The Department of Energy on Wednesday started taking applications from states, Native American tribes and U.S. territories to receive federal funding for projects to bolster grid resilience in the face of increasing power outages driven by extreme weather.
The funding, $2.3 billion over five years, can cover a range of projects including hardening the grid, building distributed energy resources and setting up microgrids.
With applications due by Sept. 30, the DOE said it will put a priority on projects that will generate the greatest community benefit in reducing the likelihood and consequences of power outages because of extreme weather or other disruptive events like cyberattacks.
The Infrastructure Investment and Jobs Act authorized $62 billion for DOE programs, including a $2.3 billion formula grant program aimed at improving grid resilience.

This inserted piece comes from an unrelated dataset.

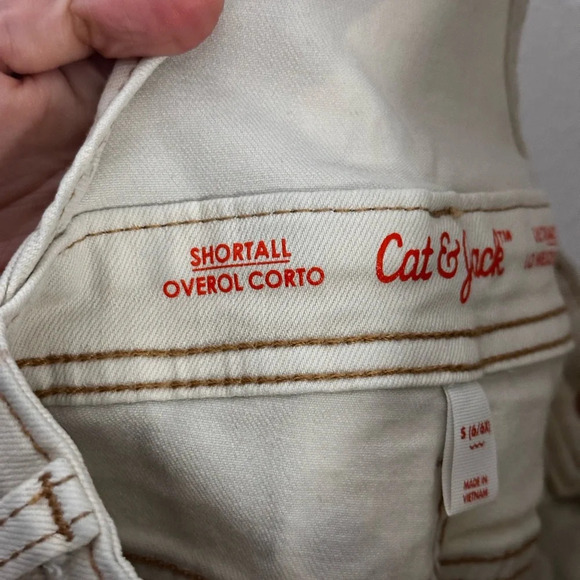 Cat & Jack Girls Beige Overall Shorts Ultimate Stretch Size S (6/6x). - Picture 10 of 10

Power outages from severe weather have doubled since 2002 and the frequency and length of the outages reached their highest levels since reliability tracking began in 2013, with U.S. customers on average experiencing more than eight hours of outages in 2020, the DOE said in a press release.

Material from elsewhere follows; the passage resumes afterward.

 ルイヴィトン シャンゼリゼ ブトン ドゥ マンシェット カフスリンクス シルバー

“Multiple pathways exist for the United States to meet its infrastructure resilience and clean energy goals, but all require upgrading and expanding the nation’s transmission and distribution systems; significant investment in cost-effective new generation resources and energy storage; and efficiency, decarbonization, and demand flexibility investments in buildings, industry, and transportation,” the DOE said in an overview of the grant program.
Resilience improvements may include upgrading individual hardware components, software components, or both, as well as enhanced grid operations or new grid configurations, according to the department. Projects can also implement monitoring, controls, and advanced modeling for improved real-time grid awareness.
“Through this program, DOE intends to have states and Indian tribes develop and apply objectives and performance metrics based on their particular needs and policies for reliability, resilience, good-paying jobs with the free and fair choice to join a union, and equity that are additional to DOE reporting requirements,” the department said.
States and tribes can allocate the funding to grid operators, energy storage operators, distribution utilities as well as power plant and transmission owners, the DOE said.
States and tribes must match 15% of any grant awards with their own funding, according to the DOE.
Through the 5-year program, the DOE intends to offer $369.1 million a year to states, $82.3 million a year to Native American tribes and $7.6 million annually to U.S. territories, according to a proposed allocation plan. Proposed annual allocations for states range from $33.8 million for California to $1.5 million for Delaware and the District of Columbia.